To efficiently clone only a specific subset of a large Git repository, you can use sparse checkout. This approach is useful when you don't need the entire repository content, saving both time and storage. Below is a step-by-step guide to achieving this.
I have been trying to make sparse checkout work for a while and the following solution has finally worked. https://askubuntu.com/a/1464994/1928663
- Clone the Repository with Sparse Checkout
Use the --depth 1
flag to clone only the latest commit, and --filter=blob:none
to avoid downloading file contents initially:
git clone --depth 1 --filter=blob:none https://github.com/danuw/azure-docs.git --sparse
Resulted in (note the size of 307 kiB downloaded when the repo is gigabytes heavy
Cloning into 'azure-docs'...
remote: Enumerating objects: 8438, done.
remote: Counting objects: 100% (8438/8438), done.
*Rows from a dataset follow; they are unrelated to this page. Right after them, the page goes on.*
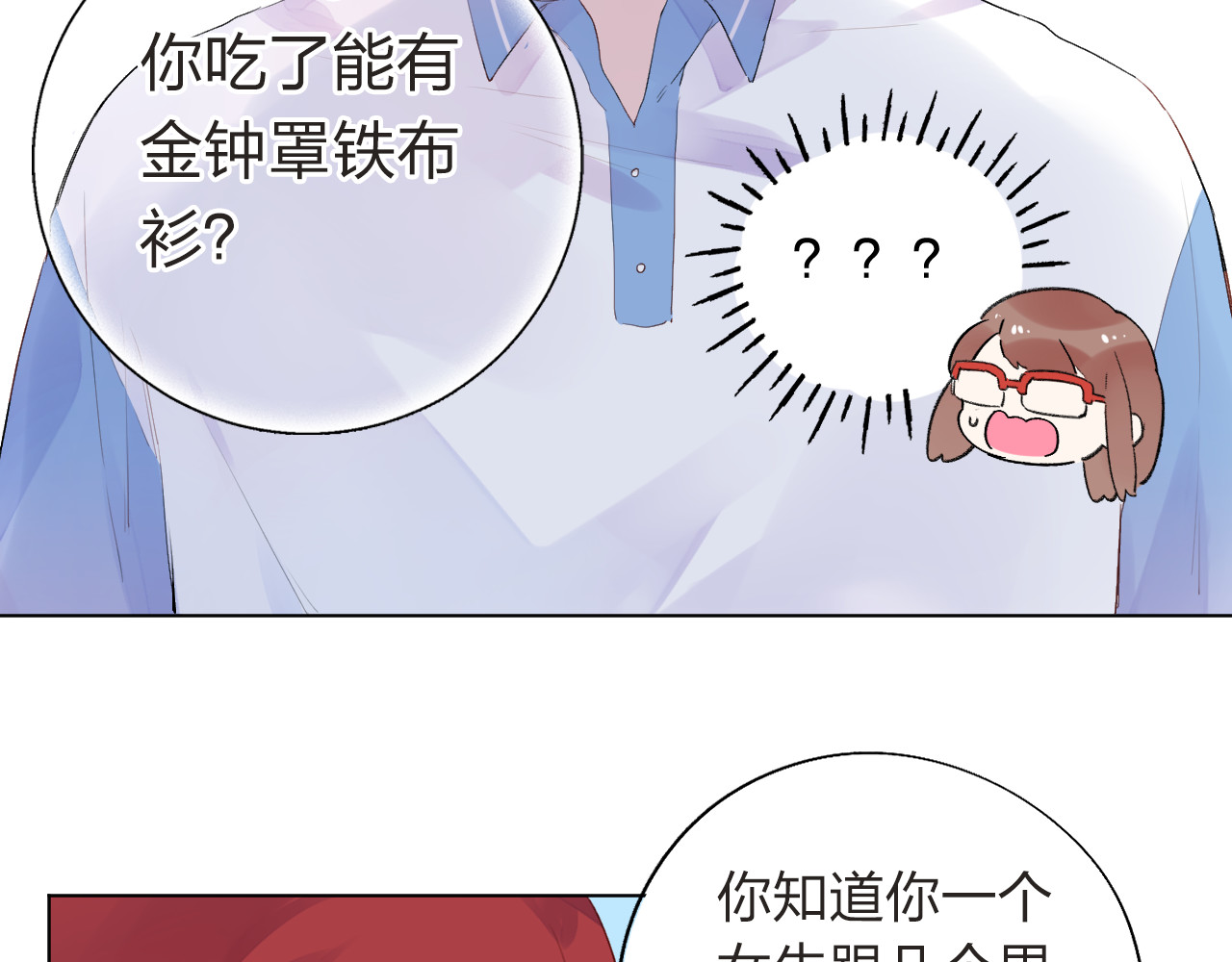 第28话 担心 第 36 页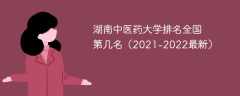 湖南中医药大学排名全国第几名（2021-2022最新）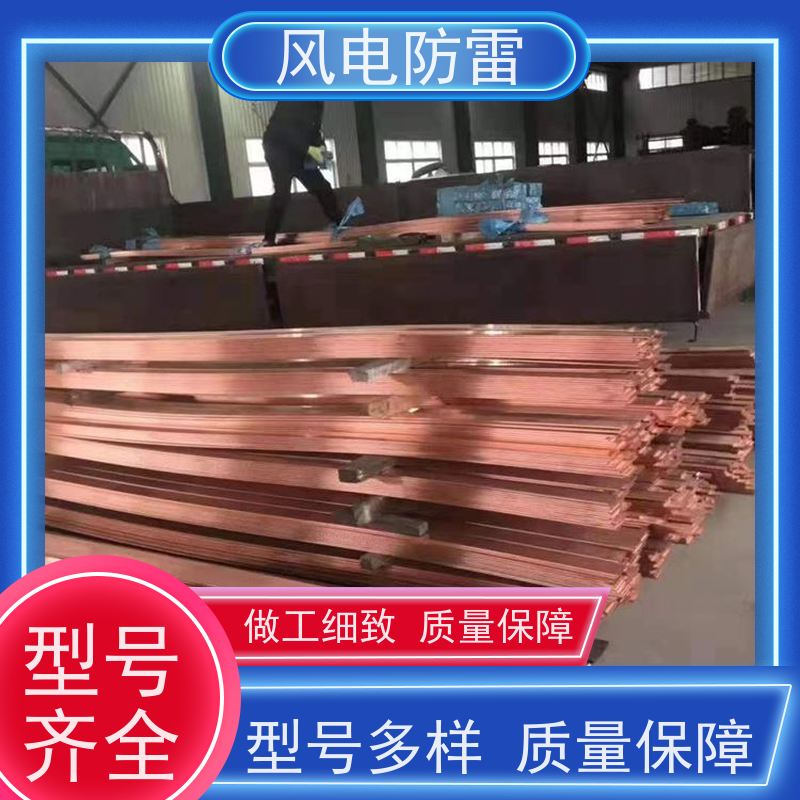 风电防雷 性能稳定 使用安全 石 墨材料阻值低 铜包钢接地扁钢50*5mm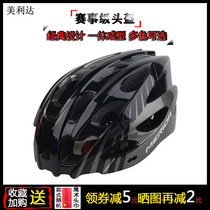 Merida bicycle riding helmet mountain road integrated mens and womens helmet riding equipment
remote: Compressing objects: 100% (7673/7673), done.
remote: Total 8438 (delta 51), reused 4682 (delta 25), pack-reused 0 (from 0)
Receiving objects: 100% (8438/8438), 2.56 MiB | 16.60 MiB/s, done.
Resolving deltas: 100% (51/51), done.
remote: Enumerating objects: 85, done.
remote: Counting objects: 100% (85/85), done.
remote: Compressing objects: 100% (81/81), done.
remote: Total 85 (delta 52), reused 16 (delta 4), pack-reused 0 (from 0)
Receiving objects: 100% (85/85), 307.16 KiB | 5.04 MiB/s, done.
Resolving deltas: 100% (52/52), done.
- Navigate to the Cloned Repository
Change your directory to the cloned repository:
cd azure-docs
- Initialize Sparse Checkout Mode
Enable sparse checkout in cone mode, which simplifies the process of selecting specific directories:
git sparse-checkout init --cone
- Set the Directory to be Checked Out
Specify the directory you want to check out from the repository. In this example, we are checking out the articles/iot-operations directory:
git sparse-checkout set articles/iot-operations
After these steps, only the files within the articles/iot-operations directory will be checked out into your local repository, minimizing the data you download and store.
remote: Enumerating objects: 189, done.
remote: Counting objects: 100% (189/189), done.
remote: Compressing objects: 100% (182/182), done.
remote: Total 189 (delta 10), reused 106 (delta 7), pack-reused 0 (from 0)
Receiving objects: 100% (189/189), 10.96 MiB | 21.30 MiB/s, done.
Resolving deltas: 100% (10/10), done.
Updating files: 100% (190/190), done.
Hope that helps you too...